Original URL: http://www.theregister.co.uk/2011/04/22/seti_goes_cloud_and_open_source/

ET, phone back: Alien quest seeks earthling coders

Open source joins Search for Extra Terrestrial Intelligence

By Gavin Clarke

Posted in Cloud, 22nd April 2011 22:08 GMT

It was the year of Star Wars and Close Encounters, and in the flatlands of Ohio, a man stumbled upon something possibly alien in origin.

On August 17, 1977, Ohio State University astronomer Jerry Ehman was sitting at his kitchen table, pouring over pages of printouts from the SETI Project's Big Ear radio telescope's computers. On these pages were line after line of numbers and letters. A cluster of six characters jumped out at Ehman and he circled them in red ink. Next to that circle he wrote: "Wow!".
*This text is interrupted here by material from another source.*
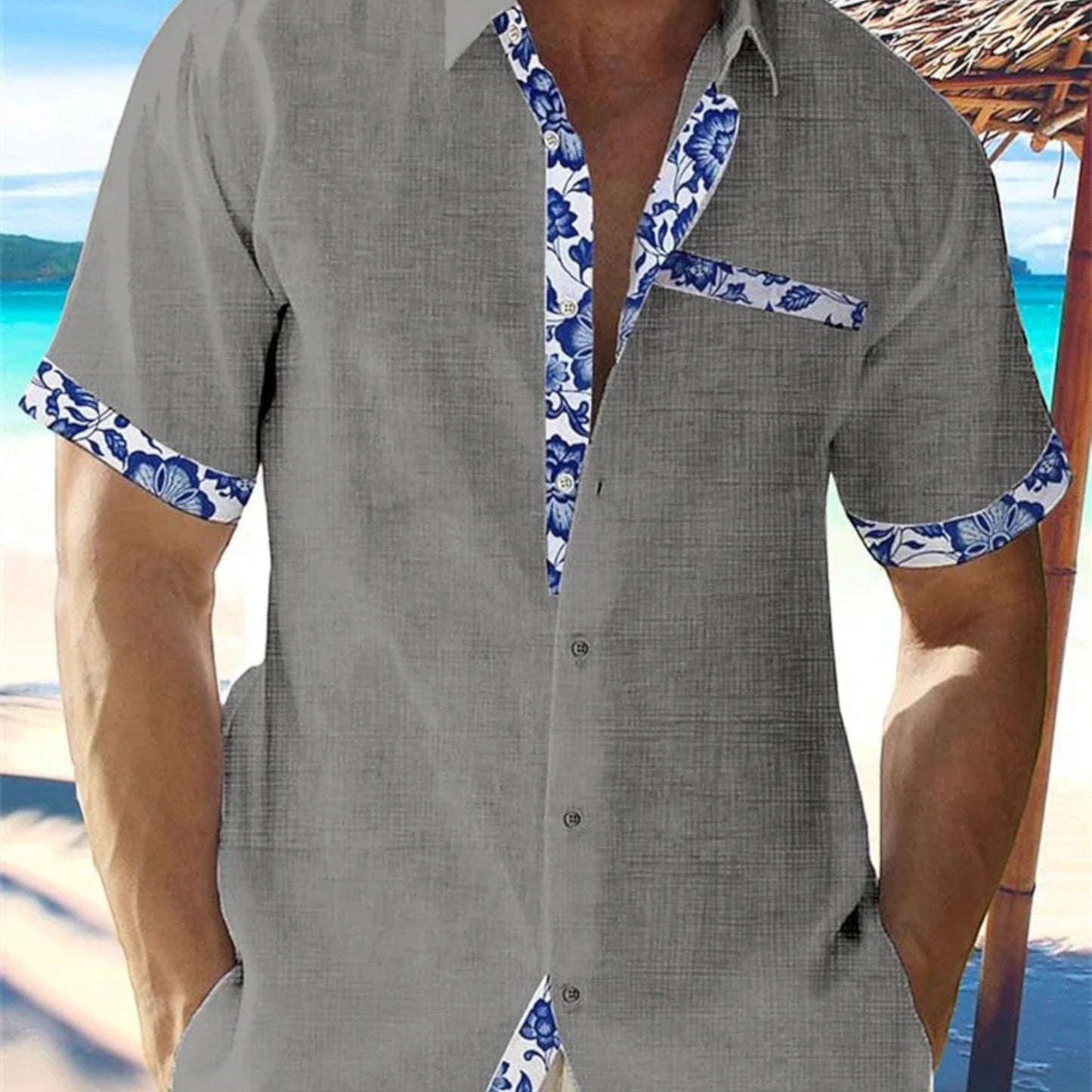 Mannen Zomershirt Korte Mouw Bloemenprint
Wow! signal printout, photo: The Ohio State University Radio Observatory and the North American AstroPhysical Observatory

Big Wow!: the printout of the signal from somewhere near Sagittarius

SETI stands for the Search for Extra Terrestrial Intelligence, and in the 34 years since Ehman's discovery astronomers have been agonizing over the precise meaning of what has become known as the "Wow! signal". It's non-terrestrial in origin, meaning it's not man-made and didn't originate from Earth. Wow! was traced back to a cluster of 100,000 densely packed stars in the Sagittarius constellation.

But was this just a noisy star, or a signal sent from a distance race? And if this was first contact, why did the sender transmit just once? The mystery is made worse by the "what if" factor: what if Ehman had received the data sooner, or if modern computers were available to crunch the data?
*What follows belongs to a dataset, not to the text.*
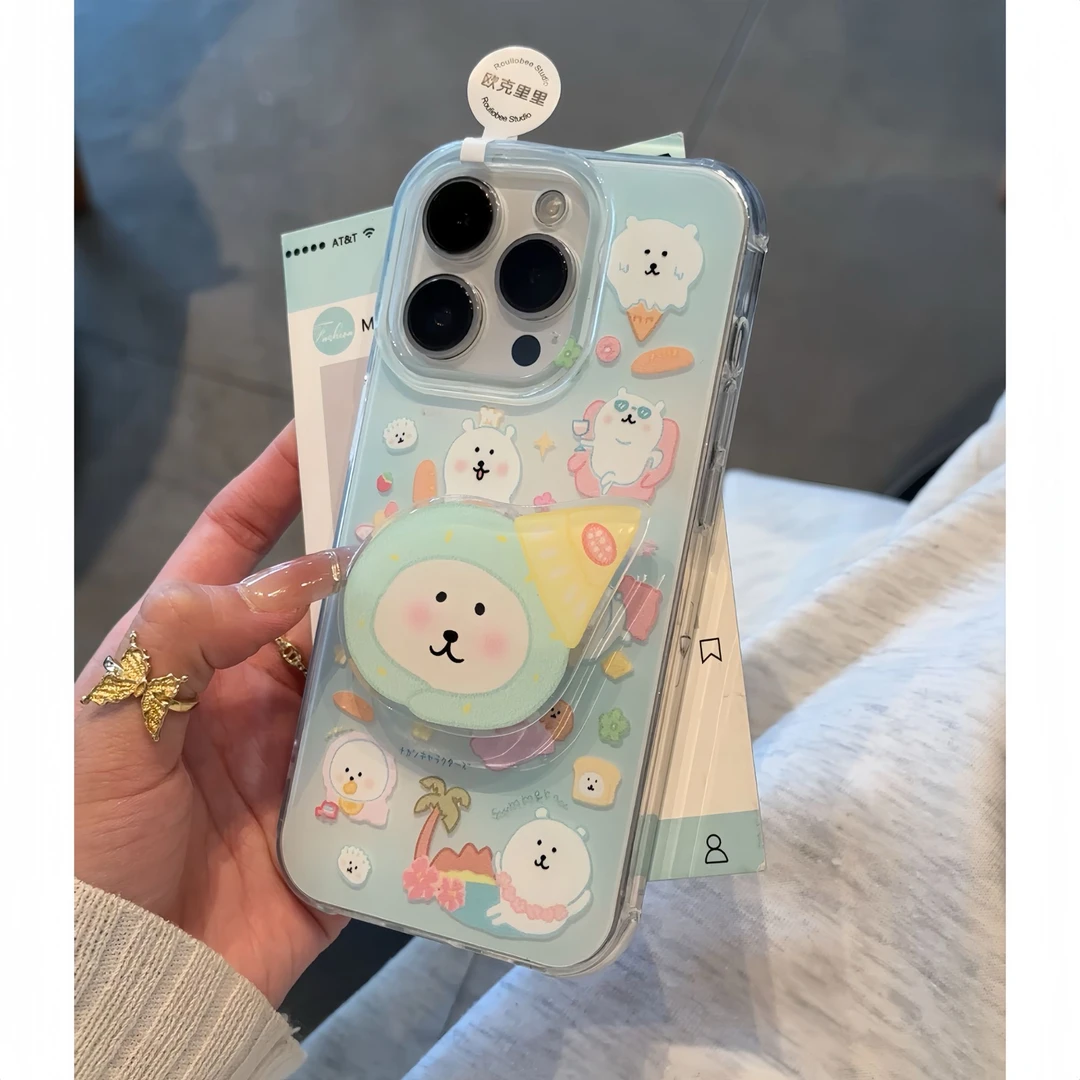 欧克里里冰淇淋自嘲熊支架苹果16/15手机壳华为P70vivo小米15oppo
The data was three days old by the time Ehman spotted Wow!, meaning that if it were a message, the sender could have moved on for lack of a reply.

Such a delay wasn't unusual: it was standard practice to distribute Big Ear printouts once a week. Meanwhile, the kinds of computers Ehman might rely on today were still in the future: Steve Wozniak had only just built the Apple I and II. The most computing power SETI had at the time was an already 12-year-old IBM 1130 – powerful for its time but with limited memory and no GUI input.

SETI Institute's research director Jill Tarter, in a conversation with The Reg at SETICon in Santa Clara, California, last year, lamented the missed opportunity and the lack of computing power. "Back in 1977, the computers were just dumping numbers to paper readout that somebody collected every week," she told us.

And this isn't the only time that computers have let us down. Not so long ago, in 2003, people got in a plasma storm over whether a signal branded SHGb02+14, identified by the SETI@home project, was a promising candidate sent from the depths of space. SETI@home is the effort sponsored by the University of California at Berkeley that runs in the spare cycles of a distributed network of three million volunteers' PCs, crunching radio-telescope data.

"We had two signals that are unexplained because of the way they were gathered, and it was not possible to follow up on them," Tarter says of Wow! and SHGb02+14.

Thirty-four years after Wow! the SETI Institute is getting serious. SETI has now finished a major overhaul of the hardware and software behind a massive expansion in research, taking the hunt for extra terrestrial intelligence through to 2020.

SETI has installed its first-ever, off-the-self, Intel-based servers – from Dell – in the belief that commodity machines are finally powerful enough to processes in real time the huge quantities of data it receives from space. The data itself is being sucked down by a brand-new radio telescope array being built in northern California that was funded initially by Microsoft cofounder Paul Allen and called the Allen Telescope Array (ATA).

Building faster PCs

In a major shift of research culture, SETI is also opening up to outsiders, making the ATA's data available to the public, and posting data on the cloud – Amazon's cloud, to be precise. It began releasing ATA data to setiquest.org in February 2010.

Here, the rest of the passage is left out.